Née au Maroc, j’ai toujours eu un penchant pour la peinture dès mon jeune âge. Toute jeune, j’obtenais les meilleures notes en dessin à l’école, mais en raison d’un manque de soutien, j’ai opté pour des études classiques en m’orientant vers l’enseignement en philosophie. Libérée de mes responsabilités professionnelles dans mon pays, après une vingtaine d’années de service en tant qu’enseignante, j’ai décidé de m’installer à Montréal, certes sans couper le pont avec mon pays natal puisque je m’y donne un devoir d’y passer mon été annuellement. Avec le temps, je commençais à flirter avec le milieu artistique à Montréal de par les centres de loisirs, les Maisons de la culture, les galeries et les musées. Le destin m’a permis en quelque sorte de me rattraper en vivant quelque chose que je désirais depuis mon enfance. Finalement, ma fille décide de m’inscrire à des cours de peinture au Centre de loisirs de Côte-des-Neiges, ce qui fut réellement le début d’une aventure. Ce qui m’a permis également de devenir membre du comité des expositions au Centre.

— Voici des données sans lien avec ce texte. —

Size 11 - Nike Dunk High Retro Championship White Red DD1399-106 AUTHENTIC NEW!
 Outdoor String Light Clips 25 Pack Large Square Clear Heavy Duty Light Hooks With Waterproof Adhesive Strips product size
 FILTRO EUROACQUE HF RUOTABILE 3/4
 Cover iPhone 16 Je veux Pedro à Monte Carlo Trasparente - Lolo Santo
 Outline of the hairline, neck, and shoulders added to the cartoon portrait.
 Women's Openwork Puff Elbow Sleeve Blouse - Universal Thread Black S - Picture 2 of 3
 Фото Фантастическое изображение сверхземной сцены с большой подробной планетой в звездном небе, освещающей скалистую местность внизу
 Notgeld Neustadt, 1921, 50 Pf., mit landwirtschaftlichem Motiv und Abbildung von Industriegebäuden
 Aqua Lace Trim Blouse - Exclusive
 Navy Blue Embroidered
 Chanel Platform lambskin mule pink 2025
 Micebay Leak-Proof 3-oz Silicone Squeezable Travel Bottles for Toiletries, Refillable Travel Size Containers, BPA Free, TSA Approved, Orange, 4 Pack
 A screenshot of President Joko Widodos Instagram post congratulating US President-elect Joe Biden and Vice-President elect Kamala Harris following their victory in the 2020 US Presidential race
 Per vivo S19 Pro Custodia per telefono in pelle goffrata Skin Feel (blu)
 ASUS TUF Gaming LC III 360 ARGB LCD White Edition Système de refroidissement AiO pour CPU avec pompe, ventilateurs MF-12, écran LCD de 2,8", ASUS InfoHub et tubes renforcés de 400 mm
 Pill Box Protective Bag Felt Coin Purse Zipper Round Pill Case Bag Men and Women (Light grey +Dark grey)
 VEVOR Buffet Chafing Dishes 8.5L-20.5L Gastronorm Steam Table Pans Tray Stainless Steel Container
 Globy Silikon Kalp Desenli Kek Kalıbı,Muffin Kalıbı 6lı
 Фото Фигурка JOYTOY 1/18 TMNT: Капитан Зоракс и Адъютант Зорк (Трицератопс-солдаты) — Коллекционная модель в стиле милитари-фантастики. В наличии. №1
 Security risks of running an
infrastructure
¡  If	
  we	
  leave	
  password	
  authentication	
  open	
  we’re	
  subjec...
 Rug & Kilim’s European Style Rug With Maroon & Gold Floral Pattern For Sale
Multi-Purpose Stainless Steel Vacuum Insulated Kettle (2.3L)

Mon but ultime dans la peinture est d’amener le spectateur dans une histoire en harmonie, dans laquelle l’être humain joue un rôle prépondérant. Celui-ci est dans son quotidien et aussi dans son espace réel. La plupart de mes personnages sont définis par leurs cotés émotionnels, laissant paraître un instant de vie qui incite à la réflexion et à la méditation. 

Je me permets d’utiliser le mot valeur en fusion avec l’art et il est bien approprié quand vient le temps de parler de traditions. Sans être nostalgique, je tiens à placer l’être humain au centre de mes sujets, surtout la femme. Pour moi, il doit être l’acteur principal dans mes toiles et dans la vie, dans ses moments de souffrance ou de joie. Et comme vous pouvez le constater, j’aime présenter l’être humain de dos, car cette présentation à une force d’attraction liée a des silhouettes secrètes qui se lisent a travers plusieurs lectures, contrairement aux visages qui se lisent souvent comme une nouvelle.

Cela dit, j’espère que chaque personne qui découvre mon art sort avec une bonne réflexion sur mon travail, que ce soit sur le plan esthétique ou sur les questions qu’il suscite. Il n’en tient qu’à eux de continuer cette tentative d’interrogation sur des mots qui étaient importants et même essentiels à une certaine époque, telle que l’amour, l’amitié, la famille, le contact humain, les petites professions, etc. Ces mots disparaissent jour après jour dans ce beau monde moderne où la technologie prime desfois malgré son coté positif.